Negative Binomial Regression of AMR Resistant Isolate Counts

Modelling overdispersed count data with offset for surveillance volume

Author

Timothy Achala

Published

June 8, 2026

Rationale

Resistance percentage is a ratio, but the underlying data are counts — the number of isolates that tested resistant out of those tested. Modelling the raw count resistant_isolates as the outcome, with log(total_isolates_tested) as an offset, directly respects this data-generating process.

Why negative binomial (NB) over Poisson?
Poisson regression assumes mean = variance. The variance-to-mean ratio of resistant_isolates here is ~17,551 — extreme overdispersion that would inflate Poisson standard errors and produce anti-conservative p-values. NB regression adds a dispersion parameter θ to absorb this excess variation.

Model specification:

\[ \log(\mu_i) = \log(\text{total\_isolates}_i) + \beta_0 + \beta_1\,\text{income\_group} + \beta_2\,\text{pathogen} + \beta_3(\text{income} \times \text{pathogen}) + \beta_4\,\text{year} + \beta_5\,\text{infection\_type} \]

Results are exponentiated to Incidence Rate Ratios (IRRs) — the multiplicative change in expected resistant isolate count per unit or level change, holding testing volume constant.

Setup

Code

library(tidyverse)
library(MASS)          # glm.nb()
select <- dplyr::select # prevent MASS::select masking dplyr::select
library(broom)
library(emmeans)
library(scales)
library(patchwork)
library(kableExtra)
library(ggeffects)     # marginal effects plots

amr <- read_csv("amr_global_resistance_rates.csv") |>
  mutate(
    income_group = factor(income_group,
      levels = c("High income", "Upper-middle income",
                 "Lower-middle income", "Low income")),
    pathogen        = factor(pathogen),
    antibiotic_class = factor(antibiotic_class),
    infection_type  = factor(infection_type),
    year_c          = year - 2018   # centre year at baseline (2018 = 0)
  )

income_pal <- c(
  "High income"           = "#27AE60",
  "Upper-middle income"   = "#2980B9",
  "Lower-middle income"   = "#E67E22",
  "Low income"            = "#C0392B"
)

pathogen_pal <- c(
  "Escherichia coli"      = "#8E44AD",
  "Klebsiella pneumoniae" = "#2980B9",
  "Staphylococcus aureus" = "#E67E22",
  "Acinetobacter spp."    = "#C0392B",
  "Salmonella spp."       = "#27AE60",
  "Shigella spp."         = "#16A085"
)

theme_amr <- theme_minimal(base_size = 12) +
  theme(
    plot.title    = element_text(face = "bold", size = 13),
    plot.subtitle = element_text(colour = "grey40", size = 11),
    legend.position = "bottom",
    strip.text    = element_text(face = "bold", size = 10),
    panel.grid.minor = element_blank()
  )

Overdispersion Check

Before modelling, confirm Poisson is inappropriate and NB is warranted.

Code

# Fit Poisson first to compute dispersion statistic
mod_pois <- glm(resistant_isolates ~ income_group + pathogen + year_c +
                  infection_type + offset(log(total_isolates_tested)),
                family = poisson, data = amr)

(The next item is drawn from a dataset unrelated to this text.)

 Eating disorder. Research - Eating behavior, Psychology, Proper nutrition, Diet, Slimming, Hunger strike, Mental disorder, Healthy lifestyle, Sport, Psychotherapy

# Dispersion = residual deviance / df  (>>1 = overdispersed)
disp_ratio <- mod_pois$deviance / mod_pois$df.residual

tibble(
  Statistic    = c("Residual deviance", "Degrees of freedom",
                   "Dispersion ratio (deviance/df)",
                   "Var / Mean (raw counts)"),
  Value        = c(
    round(mod_pois$deviance, 1),
    mod_pois$df.residual,
    round(disp_ratio, 1),
    round(var(amr$resistant_isolates) / mean(amr$resistant_isolates), 1)
  )
) |>
  kbl(caption = "Overdispersion diagnostics — Poisson fit") |>
  kable_styling(bootstrap_options = c("striped", "condensed"), full_width = FALSE) |>
  row_spec(3:4, bold = TRUE, color = "firebrick")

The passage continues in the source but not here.